Abbiamo servito con un’insalata mista e panini al sesamo tostati al forno… Una cena semplice ma siamo rimasti soddisfattissimi. Mi scuso perché mancano le foto dei piatti, che una volta tanto erano venute proprio bene, ma mi prendo sempre male a mettermi a fotografare i miei piatti in casa d’altri.
Prometto che ripeterò, visto che ce lo siam fatti fuori in tre in una sola cena.
Sander dopo cena è tornato a casa, e quella sera A. è stato dolcissimo. Abbiamo avuto qualche momento triste, pensando a Maggie e riguardando alcun video, ma è stata una consolazione essere insieme. A. non è un ‘emotional guy’, lui non è bravo a confortare, dice lui. Lui è bravo a fare ricerche, a capire dove sta il problema e a chiarire la situazione, e a dire i fatti come stanno, senza addolcirli o cambiarli. Questo è stato il suo contributo all’intera faccenda. Come il mio cucinare. Ognuno fa quel che può, ognuno fa quel che, nel suo piccolo, può essere d’aiuto. Però sabato è riuscito lo stesso a confortare me.
La domenica mattina eravamo nel letto a scambiarci le sim perché a lui serviva leggere un messaggio scritto in cinese, ed era mezzo sdraiato, con gli occhiali. E’ stato un flash.

Il mio libro preferito, da piccola, era ‘Piccole Donne’. Come per un sacco di altre ragazze a quella età. Io leggevo moltissimo, tanto che, finiti i compiti, cambiavo solo postazione, letto o poltrona anziché scrivania, ma sempre un libro in mano avevo.
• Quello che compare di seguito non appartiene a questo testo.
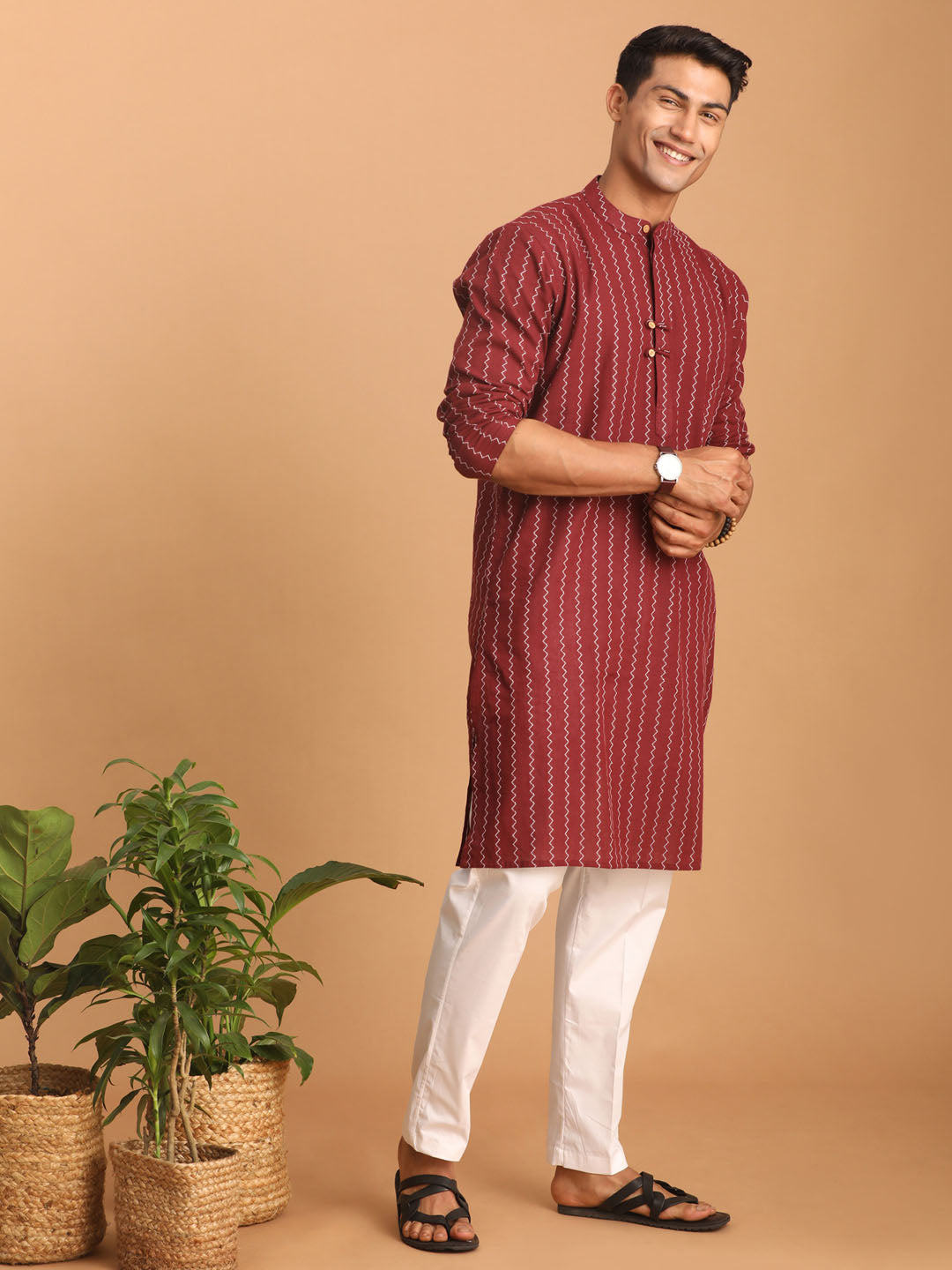 Men's Maroon Jacquard Zig Zag Cotton Kurta With Pant Set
E, quando me ne capitava uno che veramente mi appassionava, non me ne staccavo neanche un minuto, leggendo per la strada e ovunque mi trovassi, tanto che spesso mia mamma mi doveva dire di uscire un po’, di svagarmi. E io rispondevo che avevo fatto il mio dovere (i compiti), e che quindi adesso potevo avere il mio momento di piacere, ovvero la lettura. Ci sono libri che ho letto 27 volte. Insomma, una passione.
E, soprattutto, amavo fantasticare. Ho sempre odiato guardare i film tratti da un libro che mi è piaciuto, perché immancabilmente ogni personaggio è completamente diverso da come io l’avevo immaginato nella mia testa, e la cosa mi infastidisce. Infatti spero proprio che non facciamo mai il film dei ‘Pilastri della Terra’, perché sarei troppo combattuta se guardarlo oppure no.
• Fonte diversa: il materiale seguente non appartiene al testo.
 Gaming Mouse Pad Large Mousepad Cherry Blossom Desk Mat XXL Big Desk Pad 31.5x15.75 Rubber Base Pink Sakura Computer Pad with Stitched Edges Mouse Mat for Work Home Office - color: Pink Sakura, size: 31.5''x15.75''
Fatto sta, chi non ha letto Piccole Donne? Quale delle quattro sorelle March era la vostra preferita? Io ero Jo. Dico io ero perché mi immedesimavo proprio, arrivando a piangere e ridere a seconda della trama. Ricordo che pensavo di essere proprio come lei, un po’ maschiaccio, sempre in cortile a fare le gare col mio vicino Francesco a chi resisteva più tempo in verticale sulle mani, e a inventarmi mille tipi di ruota diversi, prima con 4 dita, poi una mano, poi un dito, …
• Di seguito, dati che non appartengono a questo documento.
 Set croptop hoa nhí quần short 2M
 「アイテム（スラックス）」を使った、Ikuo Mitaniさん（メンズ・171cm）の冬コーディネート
I miei nonni materni, che abitavano in campagna, avevano un grande orto. Una domenica ero partita apposta in esplorazione per cercare un albero su cui appostarmi a leggere, come Jo. Avevo trovato un fico, non troppo alto, ma con un ottimo e comodissimo ramo su cui appollaiarsi. Oddio, comodissimo proprio no, ma non l’avrei mai ammesso. Passavo i pomeriggio là sopra, con una mela, vincendo persino la paura dei ragni, pur di emulare la mia eroina.
Ero però rimasta un pochino delusa quando, anziché sposare Lawry, l’aveva lasciato accalappiare da Amy (odiavo Amy), per poi innamorarsi di quel barbuto e maturo del Professor Bear, con l’accento tedesco così marcato. Insomma, con tutta la stima e il rispetto per il Professore ottima persona senza dubbio, ma dovendo scegliere io avrei sicuramente optato per la freschezza della gioventù. E poi la barba graffia.
Insomma, con gli ultimi due libri della Alcott avevo smesso di sentirmi così ‘vicina a Jo’.
Passarono gli anni, ed ero ormai una ragazzina, forse andavo per il liceo, o forse no… Almeno medie. Insomma, ero in un’età in cui avevo già sviluppato i miei gusti personali in fatto di ragazzi (in genere quelli della televisione): senza peli, belli, forti, affascinanti, maledettamente stronzi.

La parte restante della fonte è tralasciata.